What you should do: An exact copy of the entries, with every picture omitted, is what is needed here.

Source data
____________
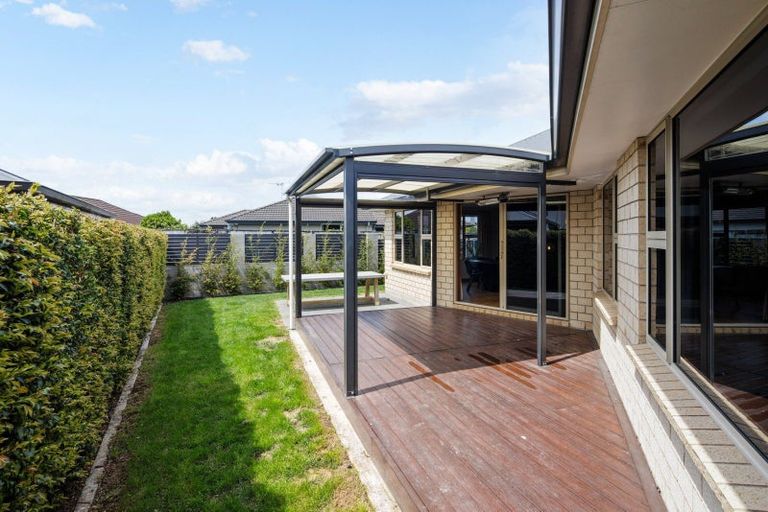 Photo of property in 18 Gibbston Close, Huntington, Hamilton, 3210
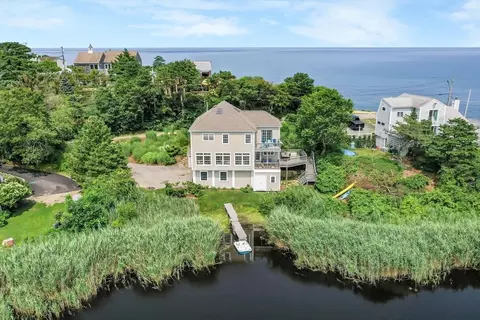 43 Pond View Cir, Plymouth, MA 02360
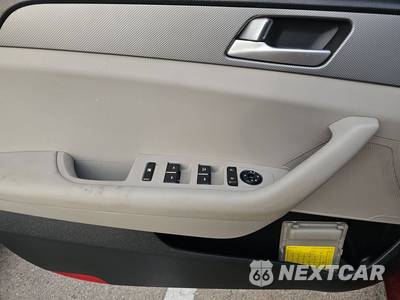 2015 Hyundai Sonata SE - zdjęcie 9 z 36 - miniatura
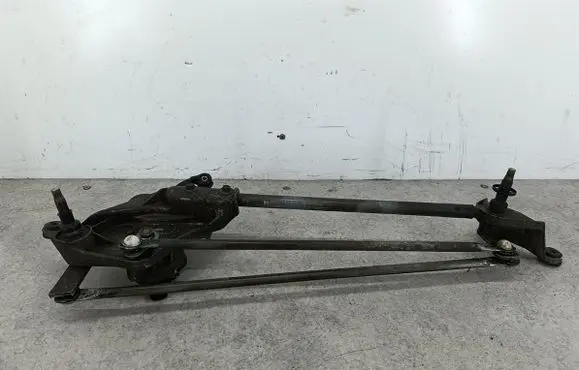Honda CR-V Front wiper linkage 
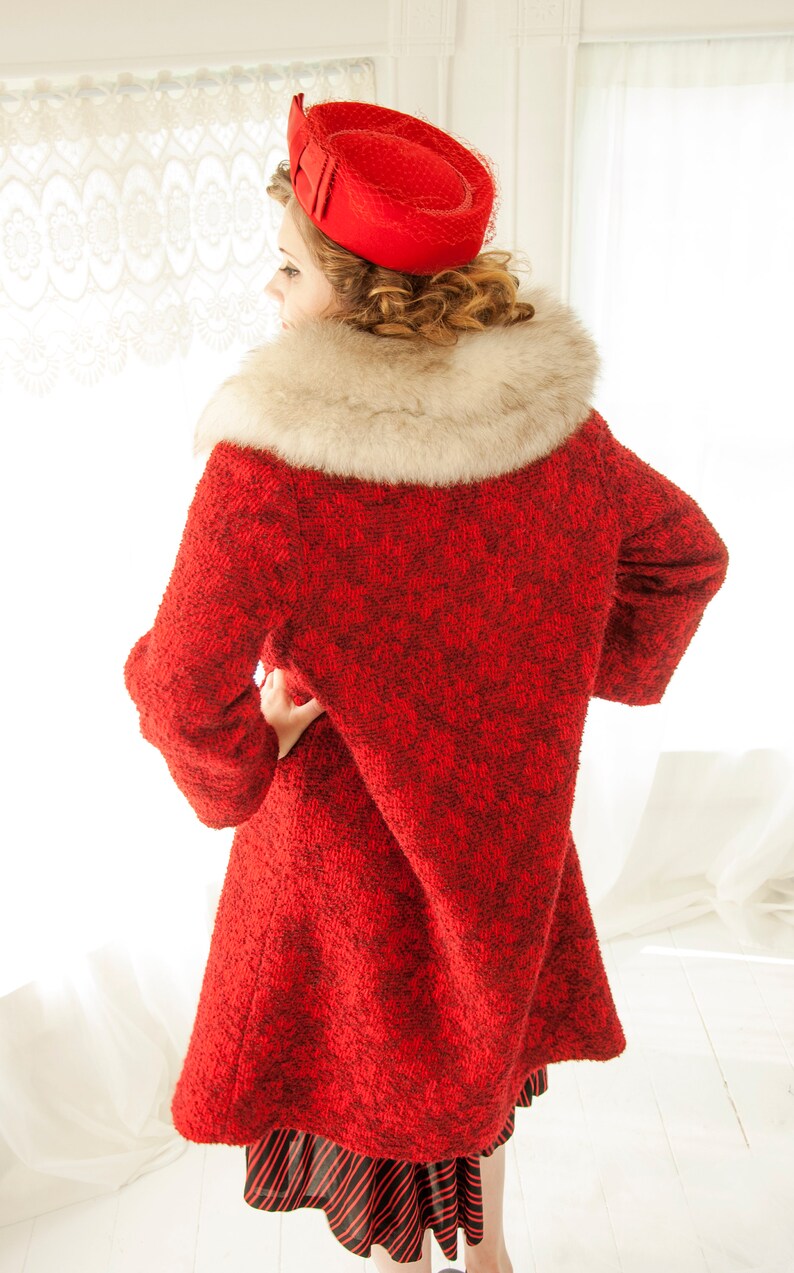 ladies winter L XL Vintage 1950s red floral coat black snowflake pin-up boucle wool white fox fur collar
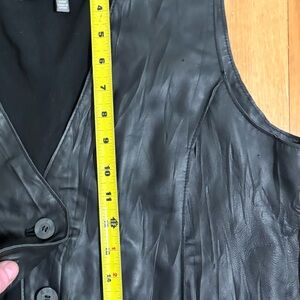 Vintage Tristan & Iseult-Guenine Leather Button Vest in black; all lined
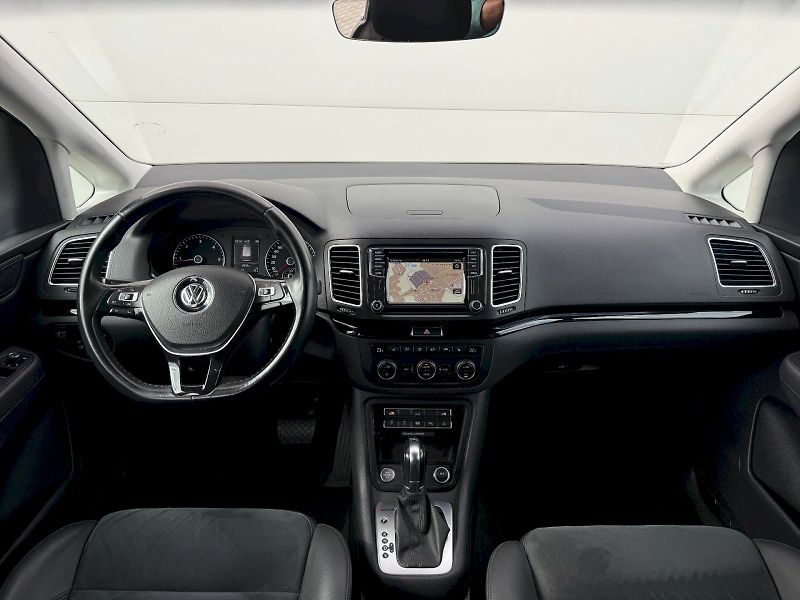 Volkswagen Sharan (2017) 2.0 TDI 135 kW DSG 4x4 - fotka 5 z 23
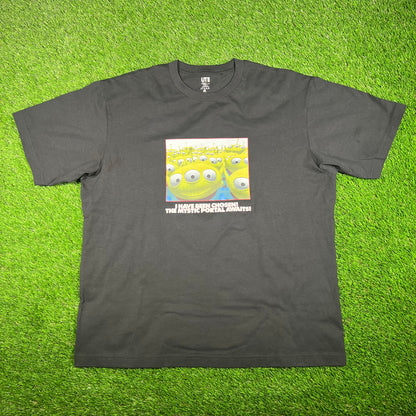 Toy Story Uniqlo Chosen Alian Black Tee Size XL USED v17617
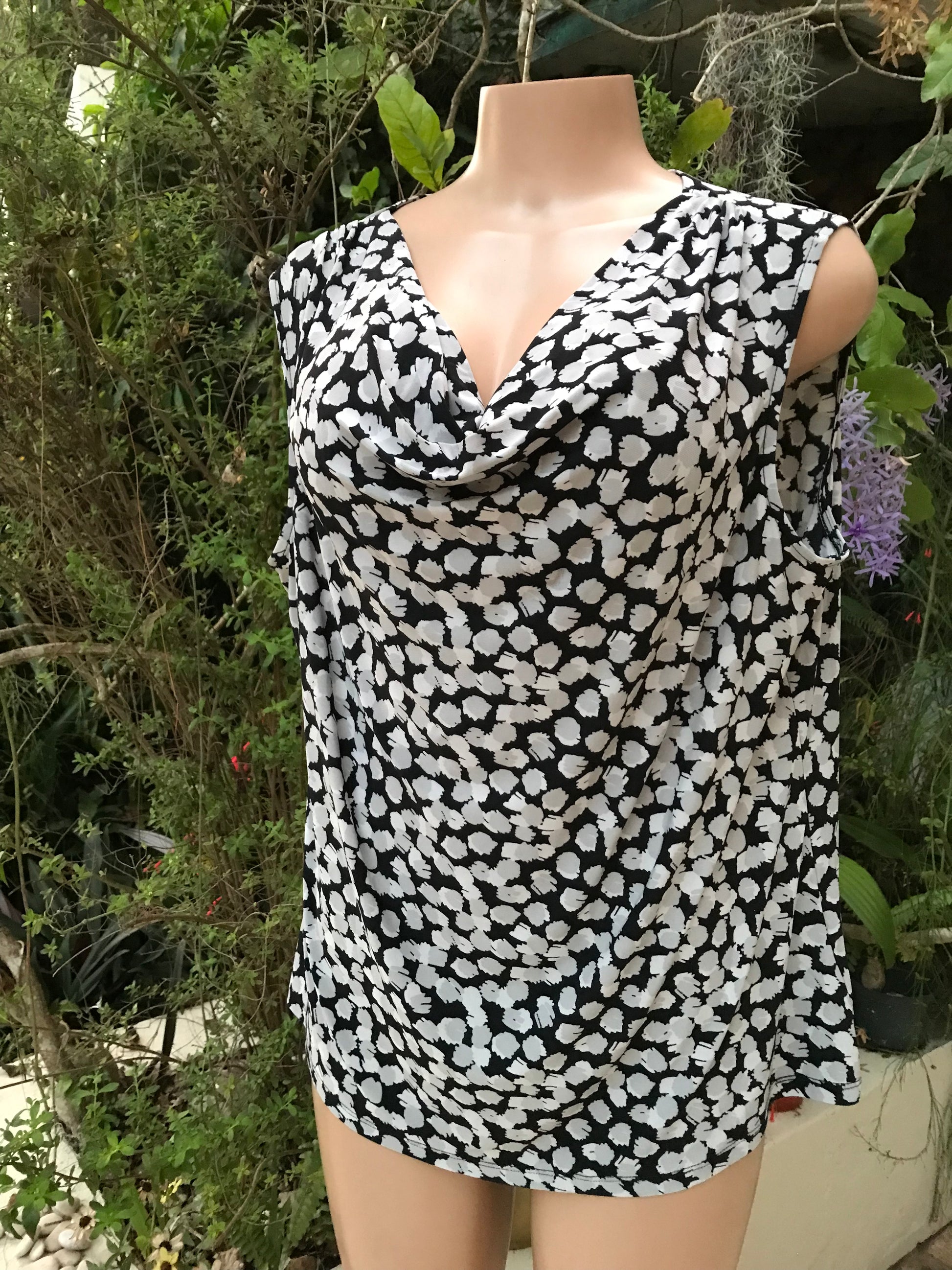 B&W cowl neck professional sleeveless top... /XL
____________
Answer section:
 Photo of property in 18 Gibbston Close, Huntington, Hamilton, 3210
 43 Pond View Cir, Plymouth, MA 02360
 2015 Hyundai Sonata SE - zdjęcie 9 z 36 - miniatura
Honda CR-V Front wiper linkage 
 ladies winter L XL Vintage 1950s red floral coat black snowflake pin-up boucle wool white fox fur collar
 Vintage Tristan & Iseult-Guenine Leather Button Vest in black; all lined
 Volkswagen Sharan (2017) 2.0 TDI 135 kW DSG 4x4 - fotka 5 z 23
 Toy Story Uniqlo Chosen Alian Black Tee Size XL USED v17617
 B&W cowl neck professional sleeveless top... /XL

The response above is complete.